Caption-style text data
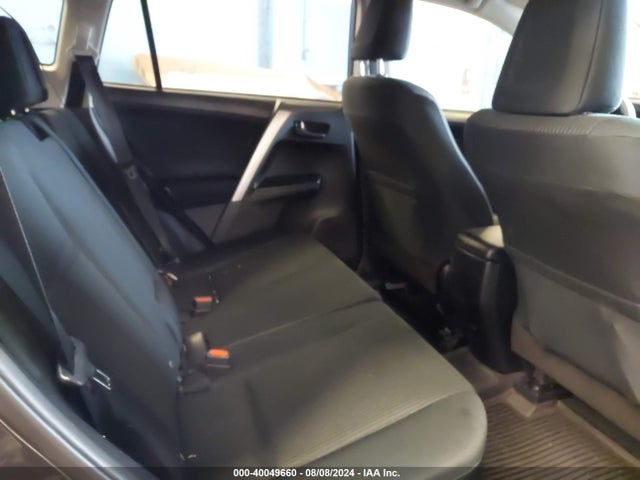 Toyota RAV4 LE 2018 JTMBFREV2JJ180299 Image 8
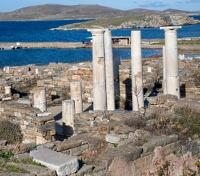  Delos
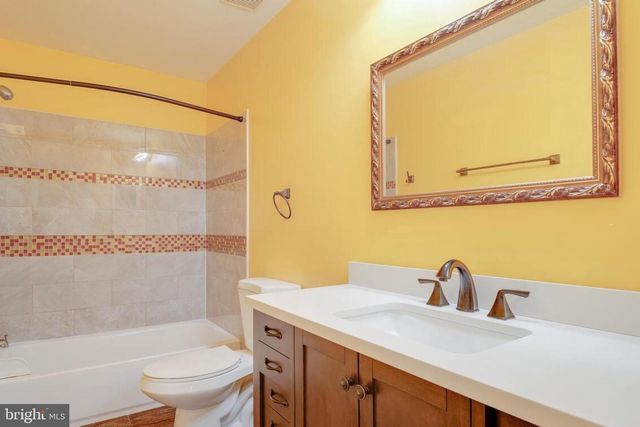 214 COLLEGE STATION DR, Upper Marlboro, MD 20774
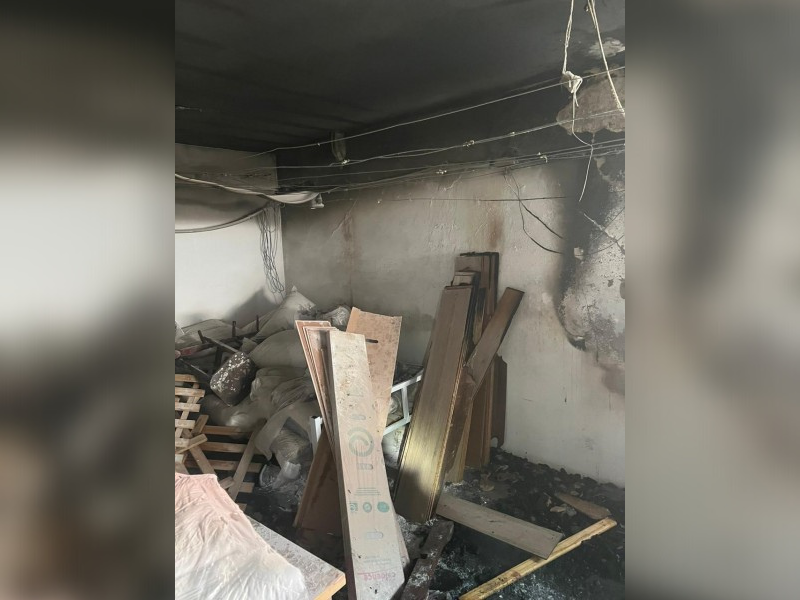 Inc&ecirc;ndio atinge dep&oacute;sito de hotel em Crici&uacute;ma – Foto: Corpo de Bombeiros/Divulga&ccedil;&atilde;o/ND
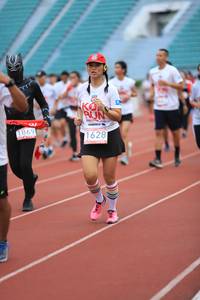 BIB: 1869, 1628
                            <button type="button" onclick="openModal(6003850)" class="btn btn-primary btn-sm float-right btn-popup" data-toggle="modal" data-target=".modal-high-quality">
                        <i class="fas fa-shopping-cart"></i> Add to Cart
                    </button>
                                            <button type="button" onclick="isThisMe(6003850, true)" class="btn btn-success btn-sm float-right btn-popup btn-isme hidden" data-toggle="tooltip" data-placement="bottom" title="นี่คือรูปของคุณใช่ไหม คลิกที่นี่เพื่อเอาเข้าอัลบั้ม">
                        <i class="fas fa-plus"></i> Add to album
                    </button>
                    <button type="button" onclick="isThisMe(6003850, false)" class="btn btn-warning btn-sm float-right btn-popup btn-isnotme hidden">
                        <i class="fas fa-ban"></i> Remove from album
                    </button>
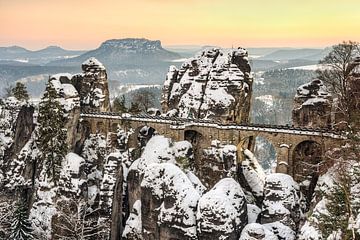 Bastei bridge Saxon Switzerland in winter van Michael Valjak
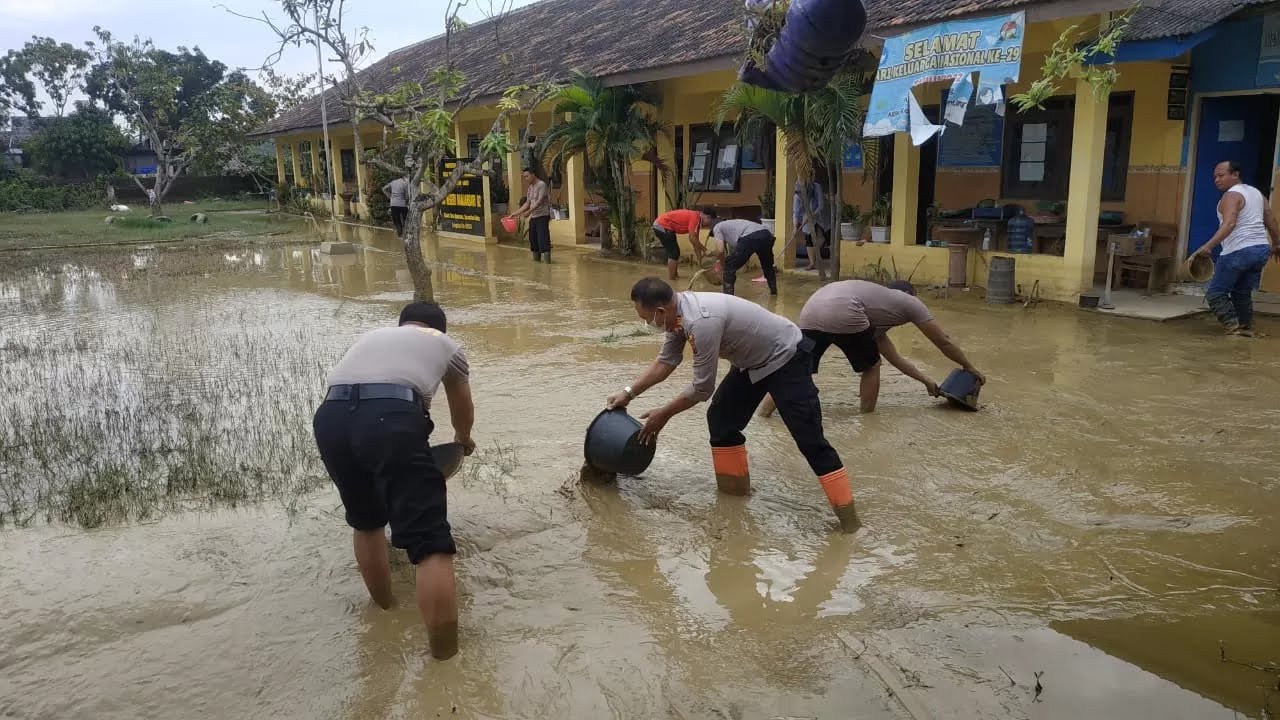 Banjir Sisakan Endapan Lumpur Setebal 30 Cm di SDN Banjarsari 2 Gabus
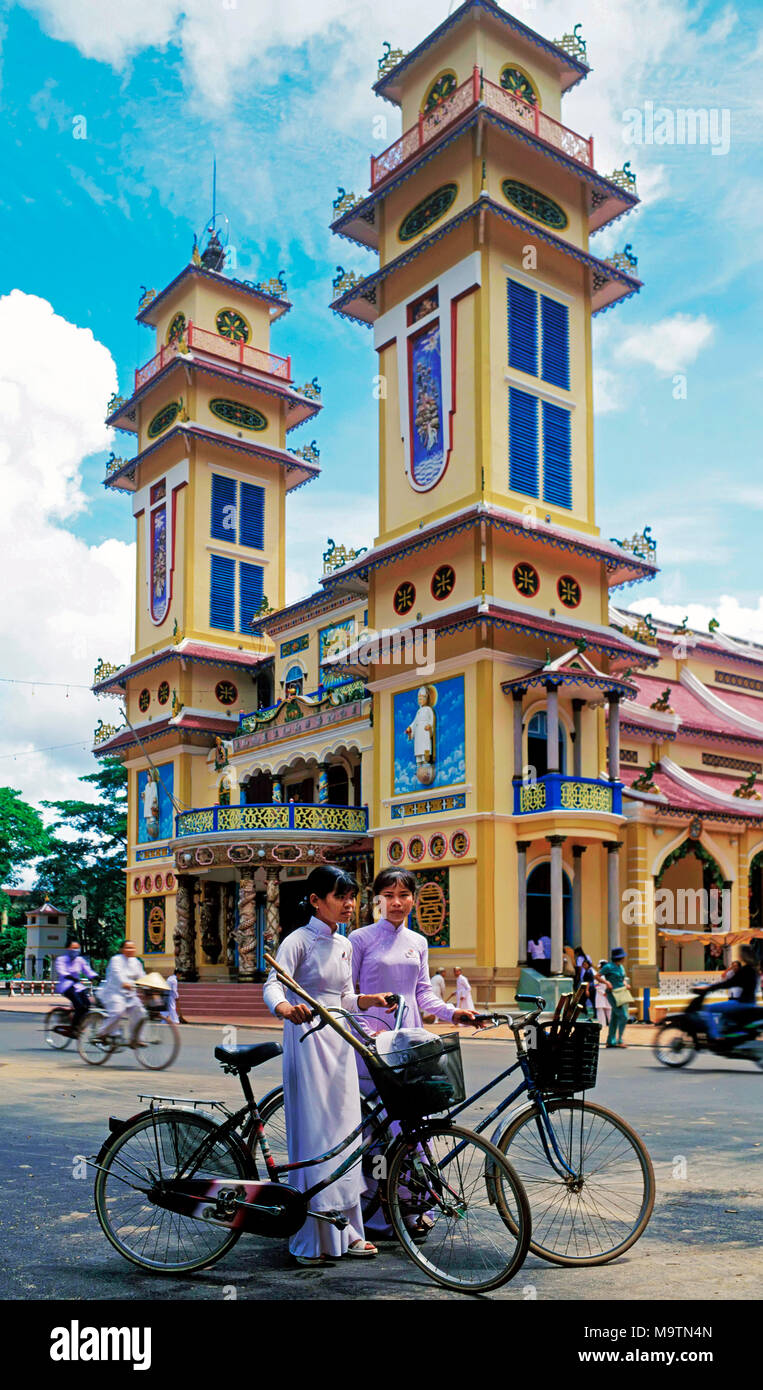 Il vietnamita ragazze,Cao Dai temple, Tay Ninh, Vietnam Foto Stock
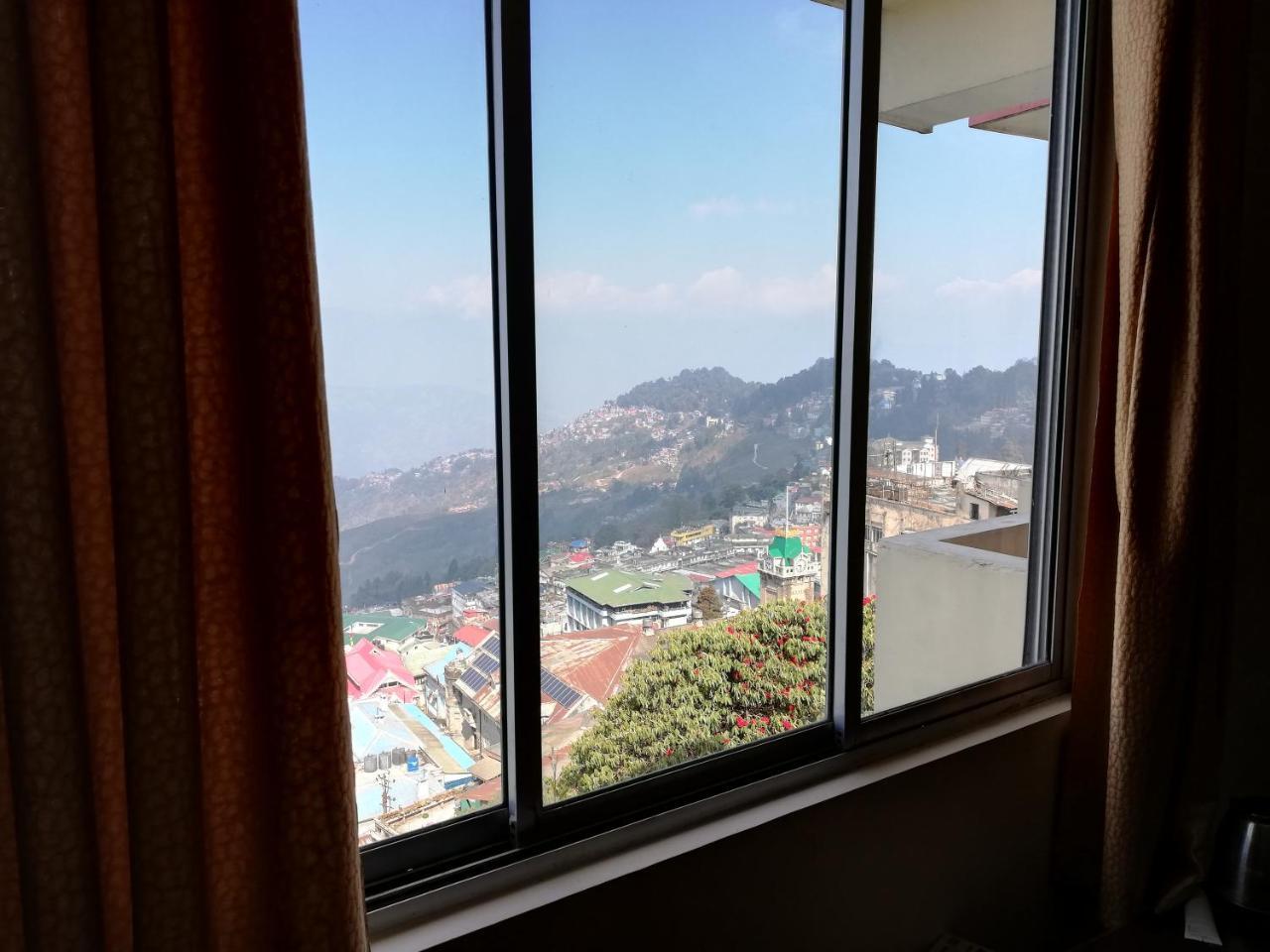 Hotel Juniper Дарджилинг Экстерьер фото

__Exercise directions__. Return the entries above exactly and in full; do not include images.

__Written response__.
 Toyota RAV4 LE 2018 JTMBFREV2JJ180299 Image 8
  Delos
 214 COLLEGE STATION DR, Upper Marlboro, MD 20774
 Inc&ecirc;ndio atinge dep&oacute;sito de hotel em Crici&uacute;ma – Foto: Corpo de Bombeiros/Divulga&ccedil;&atilde;o/ND
 BIB: 1869, 1628
                            <button type="button" onclick="openModal(6003850)" class="btn btn-primary btn-sm float-right btn-popup" data-toggle="modal" data-target=".modal-high-quality">
                        <i class="fas fa-shopping-cart"></i> Add to Cart
                    </button>
                                            <button type="button" onclick="isThisMe(6003850, true)" class="btn btn-success btn-sm float-right btn-popup btn-isme hidden" data-toggle="tooltip" data-placement="bottom" title="นี่คือรูปของคุณใช่ไหม คลิกที่นี่เพื่อเอาเข้าอัลบั้ม">
                        <i class="fas fa-plus"></i> Add to album
                    </button>
                    <button type="button" onclick="isThisMe(6003850, false)" class="btn btn-warning btn-sm float-right btn-popup btn-isnotme hidden">
                        <i class="fas fa-ban"></i> Remove from album
                    </button>
 Bastei bridge Saxon Switzerland in winter van Michael Valjak
 Banjir Sisakan Endapan Lumpur Setebal 30 Cm di SDN Banjarsari 2 Gabus
 Il vietnamita ragazze,Cao Dai temple, Tay Ninh, Vietnam Foto Stock
 Hotel Juniper Дарджилинг Экстерьер фото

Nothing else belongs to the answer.